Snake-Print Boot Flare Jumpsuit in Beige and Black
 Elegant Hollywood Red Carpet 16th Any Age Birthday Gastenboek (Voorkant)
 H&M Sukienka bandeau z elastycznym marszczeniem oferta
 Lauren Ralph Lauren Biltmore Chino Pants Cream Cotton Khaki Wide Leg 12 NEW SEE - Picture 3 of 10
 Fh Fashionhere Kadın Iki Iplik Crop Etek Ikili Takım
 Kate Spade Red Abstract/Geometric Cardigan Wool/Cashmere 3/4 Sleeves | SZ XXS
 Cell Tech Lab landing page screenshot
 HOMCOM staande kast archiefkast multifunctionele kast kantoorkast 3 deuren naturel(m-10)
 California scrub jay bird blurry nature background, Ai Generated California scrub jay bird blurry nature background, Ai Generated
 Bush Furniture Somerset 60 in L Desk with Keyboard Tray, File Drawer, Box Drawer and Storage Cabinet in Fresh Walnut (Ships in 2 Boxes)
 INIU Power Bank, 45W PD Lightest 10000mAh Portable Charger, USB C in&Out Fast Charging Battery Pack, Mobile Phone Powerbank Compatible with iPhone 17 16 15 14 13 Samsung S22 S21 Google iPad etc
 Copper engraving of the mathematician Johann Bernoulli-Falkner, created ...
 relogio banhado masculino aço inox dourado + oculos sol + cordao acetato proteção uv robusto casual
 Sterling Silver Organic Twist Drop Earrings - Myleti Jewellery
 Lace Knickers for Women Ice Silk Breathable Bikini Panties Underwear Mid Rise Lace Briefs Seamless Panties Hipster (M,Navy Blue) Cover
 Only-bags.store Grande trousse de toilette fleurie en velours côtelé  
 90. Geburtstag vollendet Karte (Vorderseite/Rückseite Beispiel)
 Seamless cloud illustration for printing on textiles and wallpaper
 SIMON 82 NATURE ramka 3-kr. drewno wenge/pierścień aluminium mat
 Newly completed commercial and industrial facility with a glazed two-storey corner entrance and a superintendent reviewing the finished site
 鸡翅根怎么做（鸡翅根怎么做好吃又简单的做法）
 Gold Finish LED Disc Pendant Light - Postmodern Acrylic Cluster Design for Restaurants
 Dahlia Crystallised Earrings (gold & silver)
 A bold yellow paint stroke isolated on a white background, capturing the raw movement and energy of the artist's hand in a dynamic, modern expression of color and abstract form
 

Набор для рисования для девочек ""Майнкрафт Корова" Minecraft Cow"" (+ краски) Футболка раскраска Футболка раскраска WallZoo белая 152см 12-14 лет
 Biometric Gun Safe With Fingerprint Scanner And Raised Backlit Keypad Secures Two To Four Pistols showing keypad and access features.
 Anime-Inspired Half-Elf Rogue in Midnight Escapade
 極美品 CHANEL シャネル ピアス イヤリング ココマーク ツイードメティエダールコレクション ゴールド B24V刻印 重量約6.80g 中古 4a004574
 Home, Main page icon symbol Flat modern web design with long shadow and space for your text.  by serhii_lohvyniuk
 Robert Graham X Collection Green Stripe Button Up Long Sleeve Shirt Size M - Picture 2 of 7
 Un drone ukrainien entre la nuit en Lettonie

────────────────────────────────────────

Keep both end lines and retype everything in the records above from the line containing "Lauren Ralph Lauren" through the line containing "Ai Generated California", exactly, with nothing else.

Result for this exercise
 Lauren Ralph Lauren Biltmore Chino Pants Cream Cotton Khaki Wide Leg 12 NEW SEE - Picture 3 of 10
 Fh Fashionhere Kadın Iki Iplik Crop Etek Ikili Takım
 Kate Spade Red Abstract/Geometric Cardigan Wool/Cashmere 3/4 Sleeves | SZ XXS
 Cell Tech Lab landing page screenshot
 HOMCOM staande kast archiefkast multifunctionele kast kantoorkast 3 deuren naturel(m-10)
 California scrub jay bird blurry nature background, Ai Generated California scrub jay bird blurry nature background, Ai Generated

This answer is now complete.